My Commit Headache

Note - this is absolutely somewhat overboard. Quitting, or opting for something simpler with the tradeoff of being less functional, would have been reasonable. However, I was doing this for fun! So enjoy.

Below, you can see a simple commit graph. Same as you would see on my GitHub.

Code commits from Sat Sep 07 2024 to Sun Sep 07 2025

OctNovDecJanFebMarAprMayJunJulAugSep

Number of Contributions:

Disclaimer - this is incomplete. Enterprise work (hosted on servers outside of GitHub) and all work that has been scrapped or is not yet ready for release is not visible.

You may be wondering why this deserves its own page. If you were to have said, "There's probably an API for that", welcome to the club.

What API?

Looking into the GitHub Documentation, I find a couple candidates that could be used in different ways. Both candidates were implemented.

Option 1: REST w/ Repo + Commit

This option is simple.

  1. Fetch all repositories currently associated with me, then
  2. For each repository, fetch all commit data associated with those repositories, and add to a list.
  3. Process the list into something usable by day.

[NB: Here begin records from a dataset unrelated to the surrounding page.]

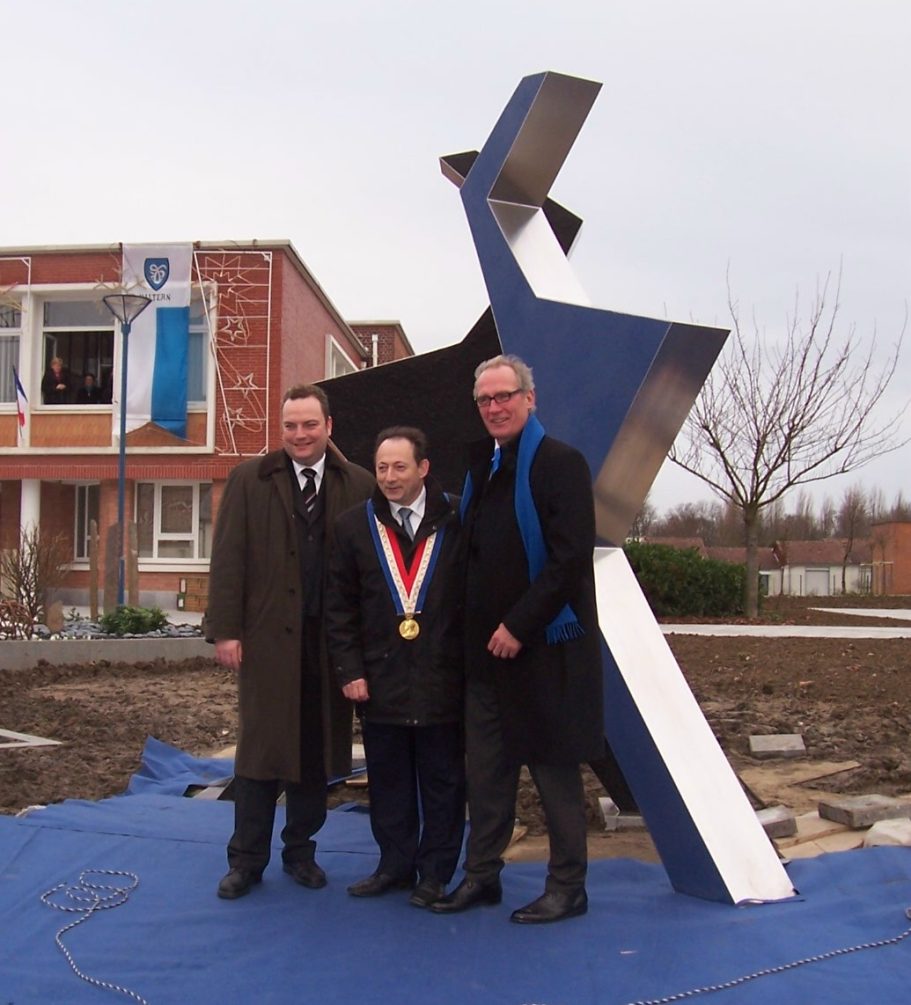 Schriewer mit den Bürgermeistern von Haltern und Roost-Warendin -F- bei der Einweihung seiner Skulptur "Zwilling "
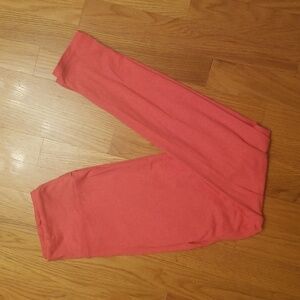 Lularoe OS coral/pink color leggings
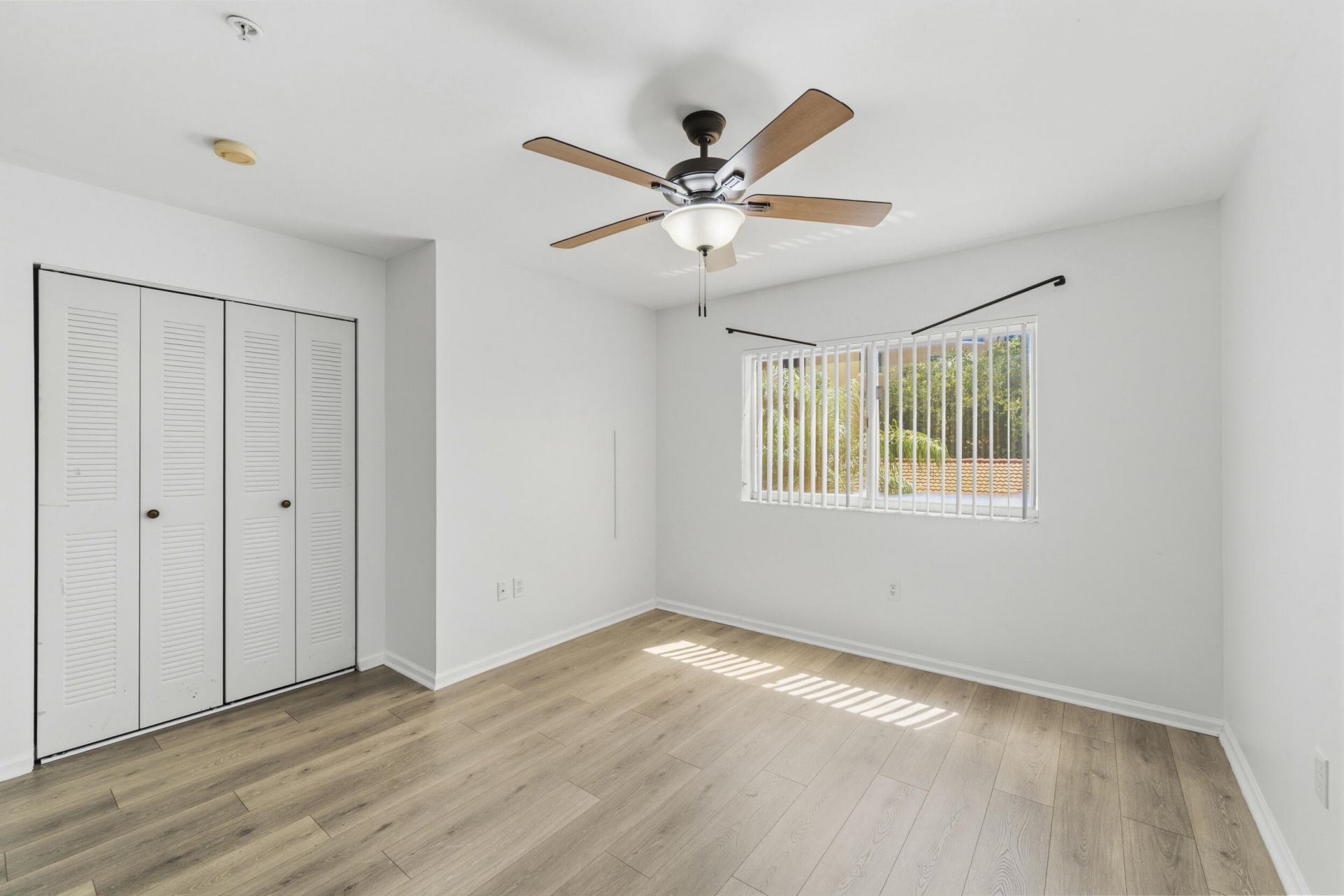 1100 Scotia Drive, Unit 102, Hypoluxo, FL 33462 Photo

The first immediate issue is that that's a lot of things to request, just to populate the map. Not all of that data is necessary anyway, and the latency from my site to GitHub going back and forth would be a lot. That leads us to the promising

Option 2: GraphQL

GraphQL is a query language that simplifies a lot of complicated and interconnected data queries, by giving the developer an API that will accept any requests following a certain schema, or set of rules that defines its input and output, allowing the developer to request exactly what they need, and all resources necessary, all in 1 query, for the service (in this case the GitHub API) to return. Sounds promising! It

  1. Solves our issue of waiting on potentially many requests,
  2. Only requests what we need, and
  3. Simplifies our code dramatically. Now we can interconnect all of our data in 1 query, rather than our own extraction logic.

This option would be more than suitable, right? Looking into the output of this GraphQL, I was excited! Until I ran into

The Problems

Problem 1

Our first problem, which could likely be acceptable given the fact that this site is unlikely to demand much scale, is that our code is

  • pretty slow for a browser and
  • pretty wasteful.

Every time a user would like to get information, it has to fetch ALL of the information from GitHub's servers, and they have to connect all of the data together, and then return it to us to render it. This on its own is not disqualifying. However,

Problem 2

There's no commits from my work! At the moment, I've worked at 2 companies, those being a Civil Engineering firm named Torres & Associates LLC and the Cigna Group. My commits at the Cigna Group were on their Enterprise servers, so there's no way I'll ever display those commits as I currently have no more access. Torres & Associates, on the other hand, is connected directly to my GitHub, just under a different organization that I do not have ownership over. Here, I have 3 options:

  1. Accept that I won't be able to show commits from my work as my GitHub commit graph does,
  2. Ask for a Personal Access Token from a coworker to authorize repository access, or
  3. Figure out another way.

I opted to figure out another way. After all, I may work at another company in the future, one that might not want to give me that type of access for a personal project. It would also not work anymore if I left, assuming they invalidated the token. Besides, GitHub displays it, there's got to be a way for me too as well!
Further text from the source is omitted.